OSCR maintains an index of all Scottish charities which is available to the public, and requires all charities registered with it to submit accounts on an annual basis, together with an annual return detailing the charity’s purposes and its benefit to the public. Crucially, the charity must meet one or more of the 16 charitable purposes set out in the Act and satisfy the “public benefit” test. OSCR is tasked with the monitoring and supervision of charities’ activities, a responsibility which previously rested with the HMRC. HMRC still grants the tax reliefs which flow from charitable status.
Types of charitable organisation
In the past, charities were usually constituted as either a trust or as an incorporated company. Recently, a new type of corporate vehicle has been introduced, specifically with the charitable organisations in mind -- the Scottish Charitable Incorporated Organisation. We expect SCIOs to become a fairly popular option for charities which are just forming.
Trusts are formed by a granter signing a trust deed which sets about the charitable purposes, appoints trustees, and sets out their powers and responsibilities with regard to the trust assets.
- Charitable companies
Charitable companies offer more transparency and formality as they are registered under the Companies Act in the usual manner and are subject to company law. So, charitable companies are regulated by Companies House and OSCR. The Memorandum of Association and Articles of Association set out the company’s purposes and how the company should be run internally. Directors and a secretary are appointed in the normal manner. The directors of a charitable company are usually considered charitable trustees for the purposes of the Act, as they are charged with the management and control of the charity. The main attraction in incorporating as a company is that members of that company are afforded limited liability in the event that the company is wound up.
Community Interest Company (“CIC”)
CICs are limited companies which are aimed at social enterprises (social enterprises can be broadly defined as being businesses which trade for a social purpose). They were introduced several years ago to address the lack of an appropriate legal vehicle for non-charitable social enterprises. A CIC must meet the “community interest test” -- this means that the CIC regulator must be satisfied that its purposes could be regarded by a reasonable person as being in the community or wider public interest. A CIC cannot be a charity. The main benefits are that a CIC:-
- does not need to be recognised as a charity and is therefore subject to less regulation;
- enjoys limited liability; and
- can act more commercially than charities.

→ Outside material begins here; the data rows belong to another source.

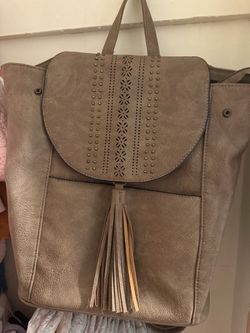 Taupe Faux Leather Boho Backpack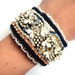 Vintage rhinestone friendship cuff bracelet - woodland - vintage coro - autumn harvest colours - orange dark blue off white and mustard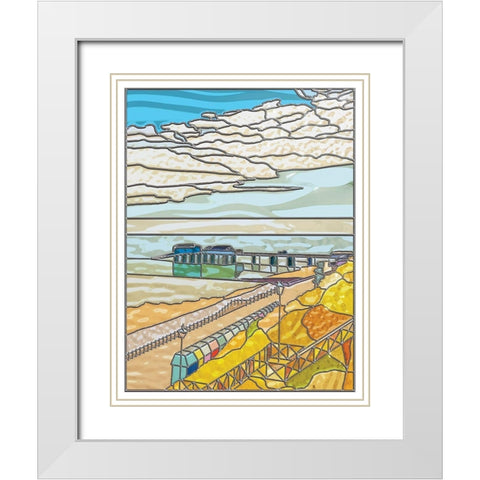 Beach Front White Modern Wood Framed Art Print with Double Matting by P.S. Art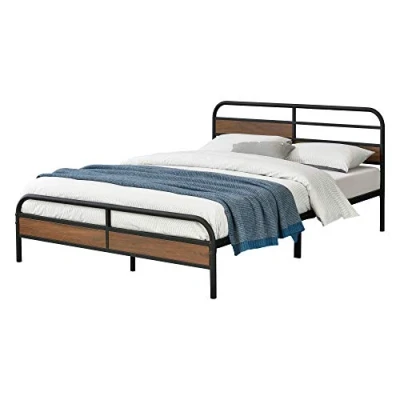 Abbildung von en.casa Metallbett, »Aarau« Bettgestell Stahlrahmen 140x200cm Walnuss Optik/Schwarz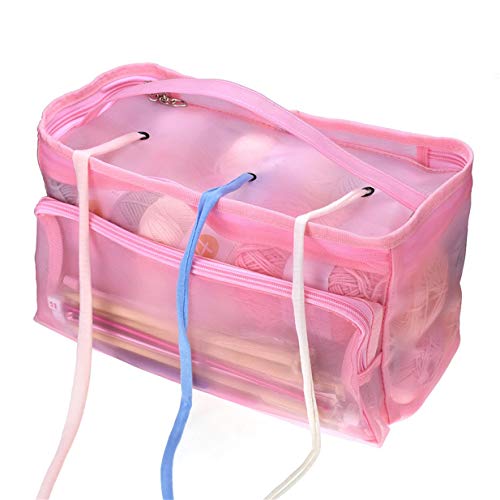 Fliyeong Tragbare Wolle Aufbewahrungstasche, praktische Strickgarn Aufbewahrungstasche Wolle Halter Organizer Ablagekorb Rosa von Fliyeong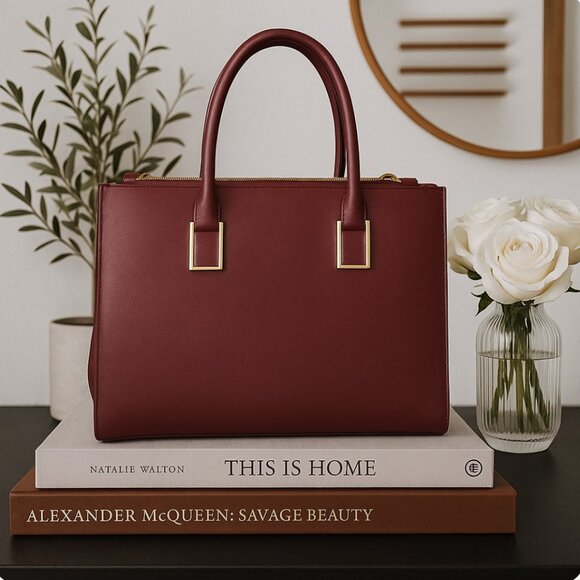 H & M Satchel Handbag BURGUNDY - Picture 1 of 5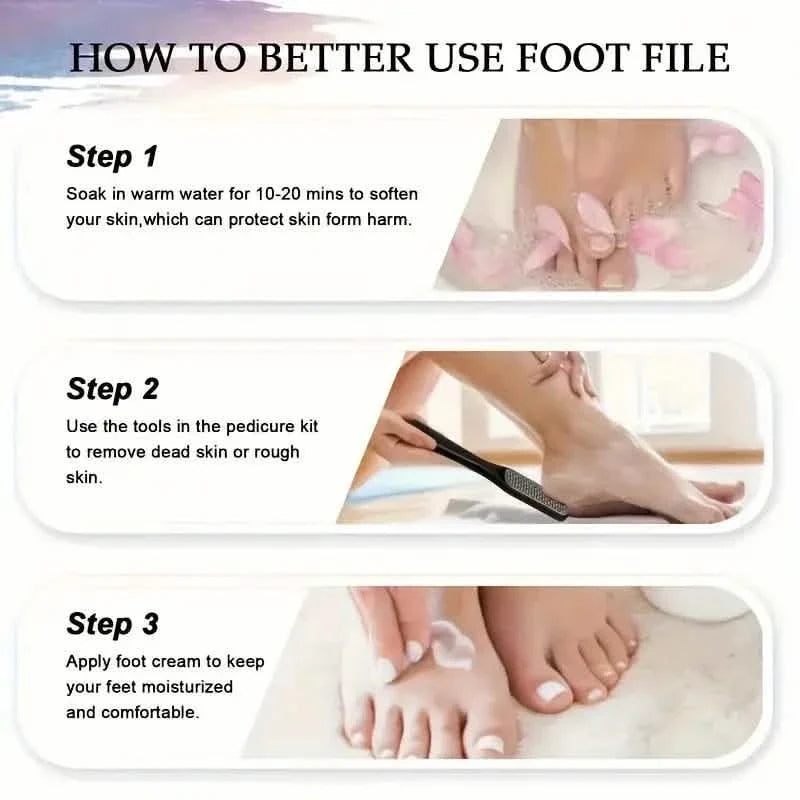 10-Piece Set: Stainless Steel Foot Care Kit - Portable Pedicure & Manicure Set-10-Piece Set: Stainless Steel Foot Care Kit - Portable Pedicure & Manicure Set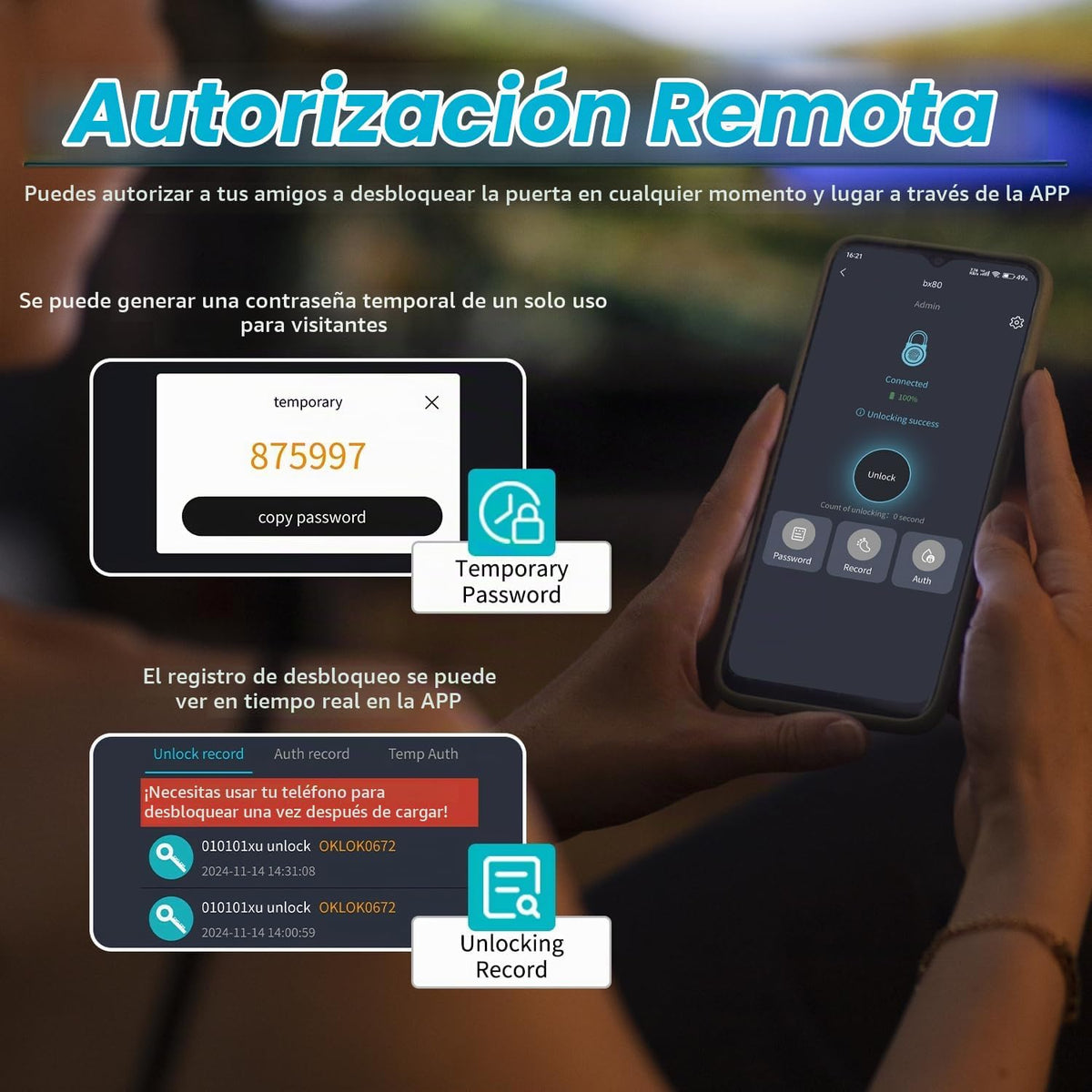 SFW Caja de cerradura inteligente, caja de llaves Bluetooth con con...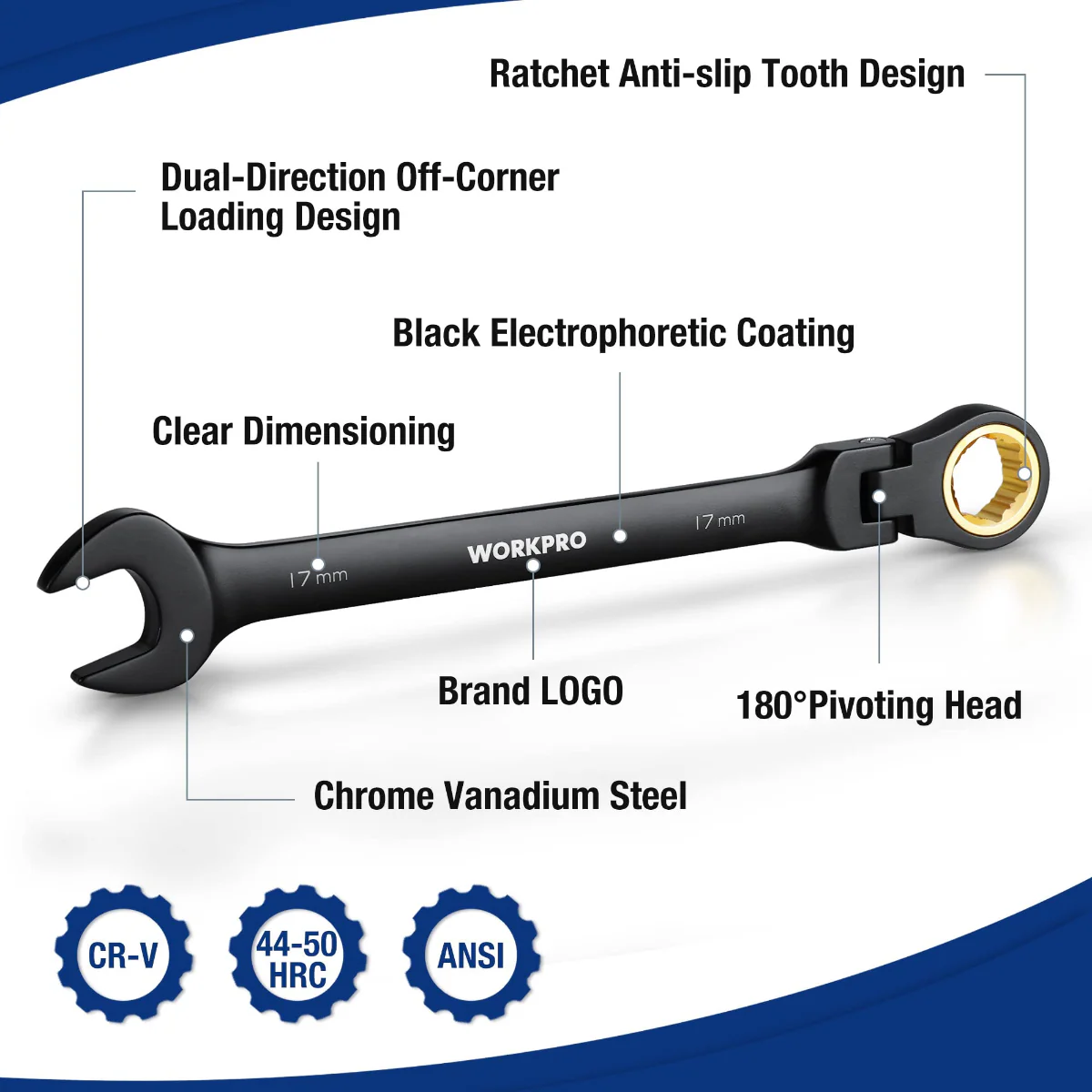WORKPRO 8 Pcs Ratcheting Combination Flex-Head Anti-Slip Wrench Set - Image 14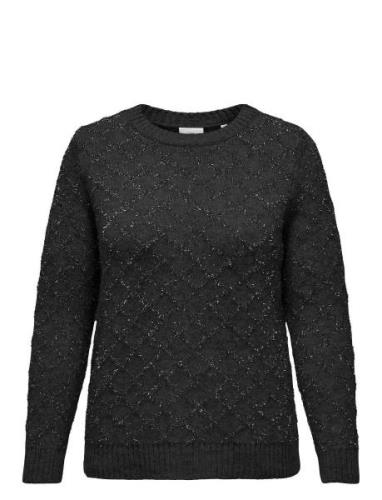 Caralba L/S Glitter O-Neck Knt Tops Knitwear Jumpers Black ONLY Carmak...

The main disadvantages are:-
- it cannot be a charity;
- it does not benefit from as favourable tax treatment as that applied to charities;
- its assets are subject to an “asset lock” which means that all surplus assets must be retained for use for the CIC’s social or community purpose, and if transferred out of a CIC, the transfer must either (a) be made for full consideration; (b) be made to another asset locked body (a CIC or charity); or (c) be otherwise made for the benefit of the community.
For more information on CICs, click here.
- Scottish Charitable Incorporated Organisation (“SCIO”)
SCIOs are a new legal form which will allow Scottish charities to incorporate without having to become a company. This new legal form provides the benefit of legal personality and limited liability for the members but without the dual regulation by OSCR and Companies House. SCIOs will only be regulated by OSCR. The SCIO is a form exclusive to Scotland (though there will be an English equivalent), and will be subject to Scottish Charities legislation and regulation by OSCR (not the Registrar of Companies). A SCIO must meet the charity test. There are rules which set out the minimum requirements for a SCIO’s constitution.
The main purpose of a SCIO is to give a charity the benefits and legal protection of an incorporated body -- specifically the limited liability of its ‘members’ -- but without the perceived disadvantages associated with being a limited company or some other type of incorporated body.
For more information on SCIOs, click here.
Trading Companies/VAT registration
Consideration must also be given to whether the charity needs to be registered for VAT and if any repayment of VAT is applicable thereafter. A charity should also consider its trading activity and whether it would be beneficial for it to set up a trading subsidiary.